Bernard se detuvo delante de las enormes puertas de Notre-Dame de la Croix. Tenía barba de varios días, y hacía dos que no se cambiaba de traje.
Esa vez no le habían permitido la entrada. Las cámaras rechinaban y disparaban los flashes, los periodistas le pegaban el micrófono a la cara, y las cámaras de informativos captaban el acontecimiento, cada tic de su cara. Policía uniformada de las crs flanqueaban las escaleras en formación detrás de él. Por una vez, el sol de abril brillaba despiadadamente, e iluminaba la plaza, a los manifestantes, a la policía y a los periodistas. Los manifestantes coreaban en alto: «¡No rompáis familias… dejad que se queden!». Así lograban que no se oyera a los reporteros.
Guittard había ordenado a Bernard que vaciara la iglesia, que enviara a los sans-papiers al aeropuerto y escoltara a los demás al centro de detención de Vincennes si se resistían.
Bernard no podía detener a Hamid; el hombre tenía papeles y hasta entonces no había quebrantado ninguna ley. No quería que ninguno de ellos fuera a prisión, ya que se convertirían en mártires por la causa y frustraría su objetivo. Por supuesto, Guittard no accedió.
Con el alboroto y la confusión que lo rodeaba, Bernard se sentía curiosamente desligado, como si estuviera flotando encima como una nube, viendo cómo se desarrollaba la escena.
Le pusieron el megáfono en la mano. Nedelec, sereno e impecable con su impermeable de Burberry, le hizo un gesto con la cabeza. Bernard, inmóvil, tenía la vista fija. Se fijó en el fino bigote de Nedelec y en la mandíbula tensa del capitán de las crs.
Bernard abrió la boca, de la que no salió sonido alguno.

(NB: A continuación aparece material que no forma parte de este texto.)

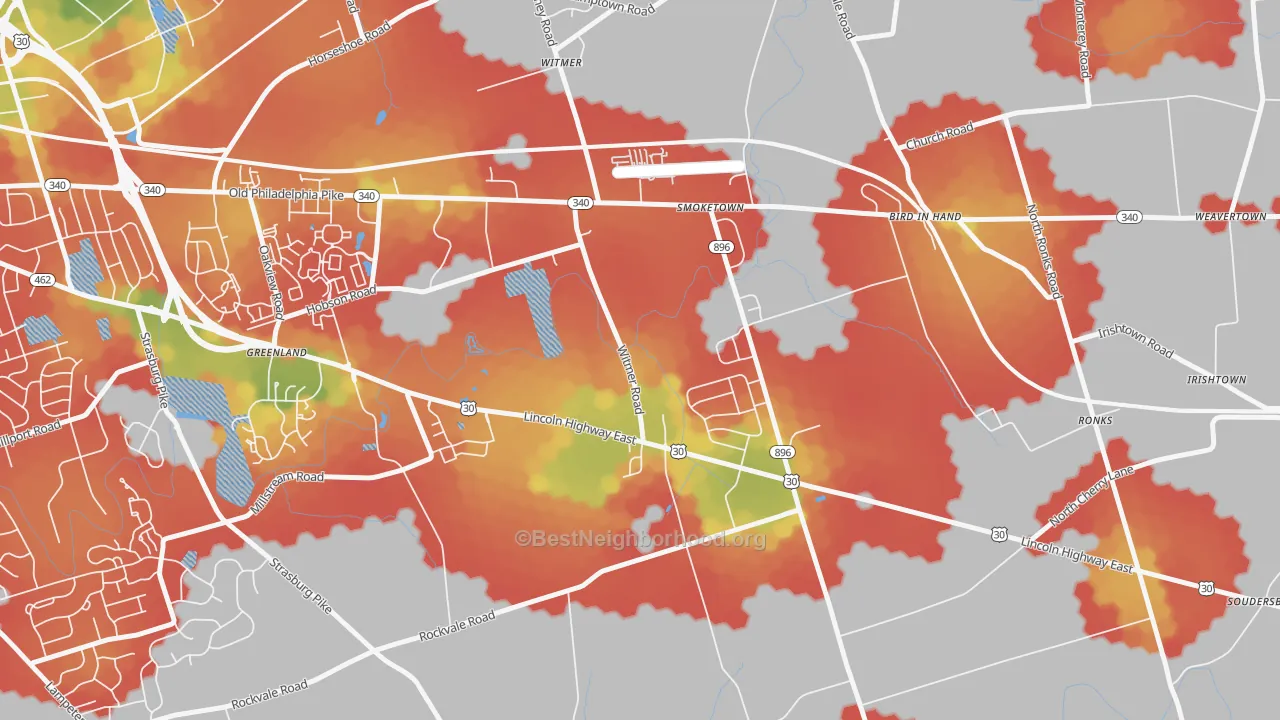 Walk Grade map of Smoketown, PA, walkable areas in green and car-dependent areas in red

Nedelec le dio un codazo discretamente.
«Monsieur Mustafa Hamid», comenzó él, con la boca seca y su voz en un susurro. «Monsieur Hamid, las autoridades han reexaminado todos los casos de inmigración.» Bernard se aclaró la garganta, y habló más alto. «Por ahora han decidido que se le concederá permiso para quedarse a un treinta o cuarenta por ciento de los sans-papiers, debido a circunstancias atenuantes. En especial, a aquellos casados con ciudadanos franceses o cuyos hijos nacieron en Francia antes de 1993.»
No hubo respuesta.
«Lamento informarle de que, por orden del Ministerio del Interior y de acuerdo con las leyes de Francia, debo pedirle que abandone el edificio.»
Hubo un profundo silencio, roto sólo por el sonido de una bandera en la que habían escrito toscamente «Derechos humanos, no inhumanos», que ondeaba al viento.
Poco después, Bernard se encogió cuando un policía clavó un hacha en la puerta de la iglesia, y las astillas saltaron por los aires. Los manifestantes bramaron. Y fue entonces cuando se desató la violencia en la plaza.
Los policías de las crs, atacados por la turba, entraron precipitadamente, porra en mano, en la iglesia. Los pacíficos sans-papiers gritaron, ya que pensaban que estaban siendo atacados, y se prepararon para defenderse. Bernard estaba aplastado contra la pared de la iglesia, entre un cámara y su videocámara.
– ¡Mire lo que ha hecho! -le gritó el hombre, que se refería a su equipo destrozado.
Pero la conexión era en directo, y la acusación en contra de Bernard estaba siendo retransmitida a toda Francia, a millones de hogares.
Esposaron a las mujeres y a los niños juntos, y los escoltaron afuera. Cuando pasaron a su lado, vio al pequeño Akim dormido en los brazos de su madre. Aunque su rostro oculto por el chador no revelaba nada, a través de velo pudo oír un murmullo de palabras airadas.
Si no lo odiaban antes, no cabía duda de que ya sí.